Deployments
Use deployments for more control over how your models run.
Table of contents
Replicate makes it easy to run machine learning models. You can run the best open-source models with just one line of code, or deploy your own custom models. But sometimes you need more control. That’s where deployments come in.
What are deployments?
Deployments give you production-grade control over your model’s infrastructure and provide private, dedicated API endpoints.
Hardware flexibility
Choose from multiple GPU architectures including NVIDIA A100s, H100s, T4s, and more.

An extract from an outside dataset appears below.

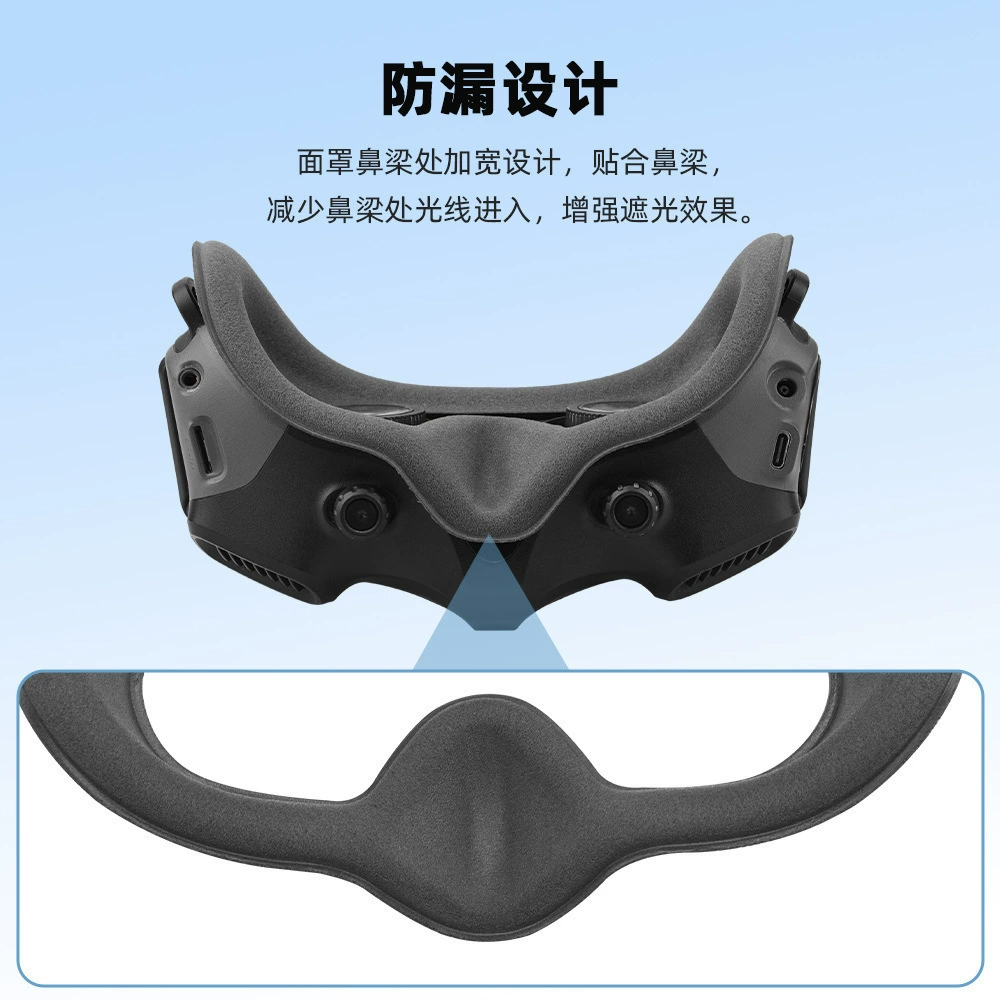 DJI совместимые губчатые очки, защитная маска для сна, аксессуары, 3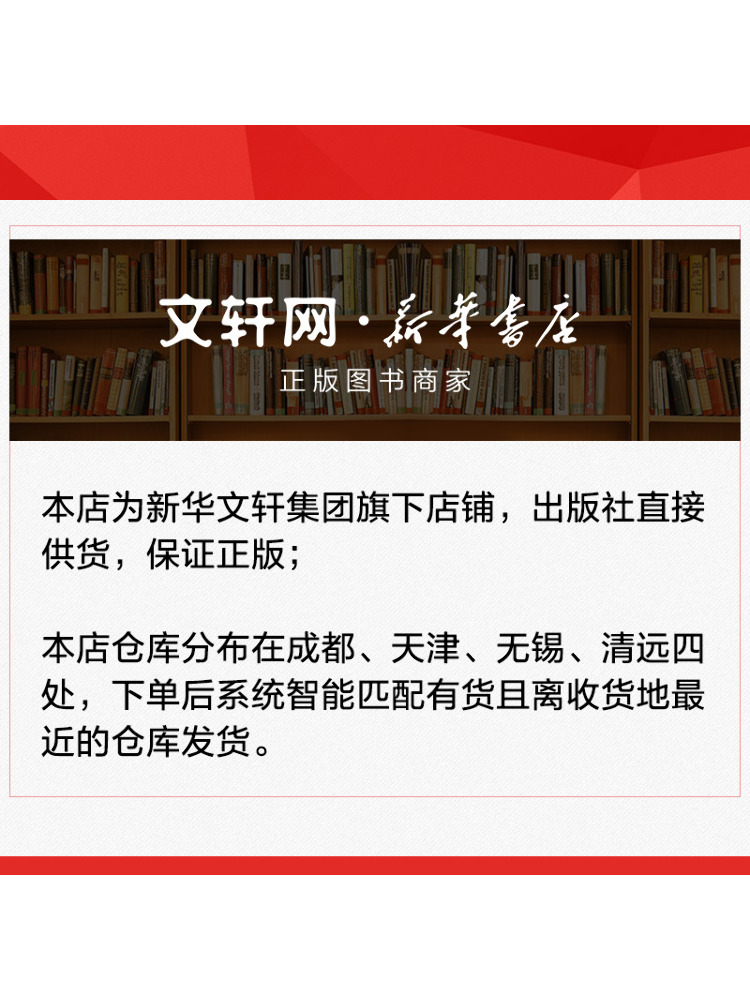 Book-Winshare 60 Violin Practi - Music Audiobook のレビューと価格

Switch hardware types without changing your code to optimize for performance or cost.
Intelligent scaling
- Auto-scaling: Scale from zero to hundreds of instances based on traffic
- Always-on instances: Keep models warm to eliminate cold start delays
- Traffic-based scaling: Automatically add capacity during peak usage
- Scale-to-zero: Reduce costs by shutting down unused instances
Zero-downtime deployments
- Rolling updates: Deploy new model versions without interrupting service
- Canary deployments: Test new versions on a subset of traffic
- Instant rollbacks: Revert to previous versions if issues arise
Production monitoring
Track your deployment’s performance and health with:
- Real-time metrics: Track latency, throughput, and error rates
- Instance health: Monitor whether instances are starting, idle, or processing
- GPU memory usage: Track resource utilization across all instances
- Cost tracking: View detailed usage and spending analytics
- Request logs: Analyze predictions flowing through your model
For detailed information see Monitor a deployment.
Enterprise security
- Private endpoints: Dedicated URLs that only you can access
- Audit logging: Track all model access and configuration changes
Deployments work with both open-source models and your own custom models.
Autoscaling
Deployments auto-scale according to demand. If you send a lot of traffic, they scale up to handle it, and when things are quiet they scale back down, so you only pay for what you need. You can also limit the maximum number of instances the deployment can use to limit your maximum spend, or set a minimum to keep some instances warm and ready for predictions.